I guess I'm not turned off by the woolly mammoth attempt. It seems a
reasonable thing to attempt, if at all logistically possible, and I can't
see that it does any harm to the elephant or anyone else (any objections I
can think up border on the metaphysical or spiritual). One might argue
that we caused the demise of the species, so we have a certain right, or
even prerogative, to try to bring it back if our science and technology
allow it. Would you have the same attitude if it were an extinct insect?
And I don't agree at all that the fate of birds/mammals in Siberia is
irrelevant.

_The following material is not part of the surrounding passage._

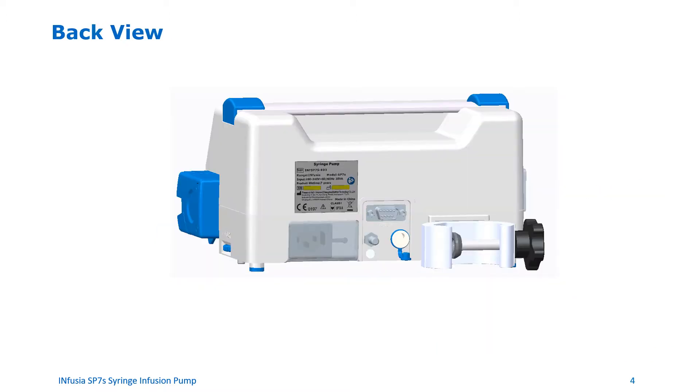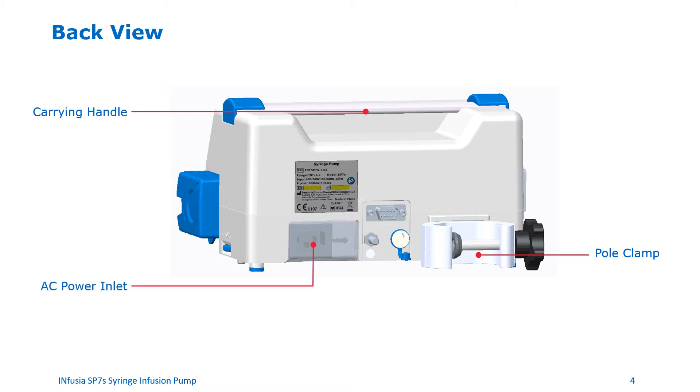Back view of the device. The carrying handle is on the top back of the device. On the back of the pump, the pole clamp is used to secure the pump to an IV pole or a cage. There is also an AC power inlet, which you can use to connect the device to AC power. There is also a name plate that has the make and model number and device serial number.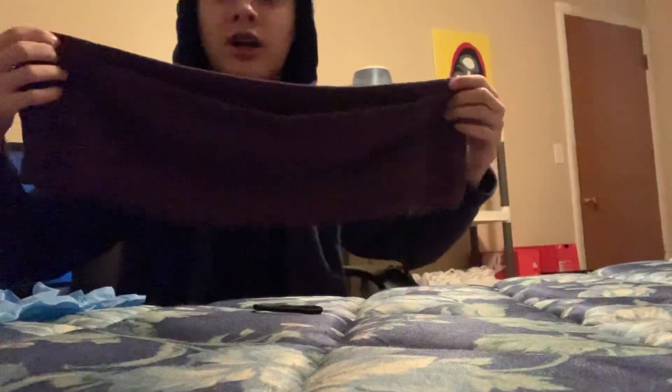So what you want to do first is you want to put your hand towel in half. You want to take your glove and you want to go and put it halfway. So you're going to want it to look like this, just like that.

There are many species becoming rarer and rarer because of the
multitude of environmental problems in Russia and elsewhere, including
overhunting, and I think it is essential that as many specimens as possible
be saved of these species. The Russian expedition was to gather tissues
for molecular studies of species for which that has never been done and
probably won't be done by Russian scientists, who don't have the
werewithal.
These animals of course won't die out because of collecting, they'll
disappear because of the many other pressures people put on them, and, in
the worst-case scenario, all that will be left will be in museums (or zoos,
but you can't keep big series from all populations of a species in zoos).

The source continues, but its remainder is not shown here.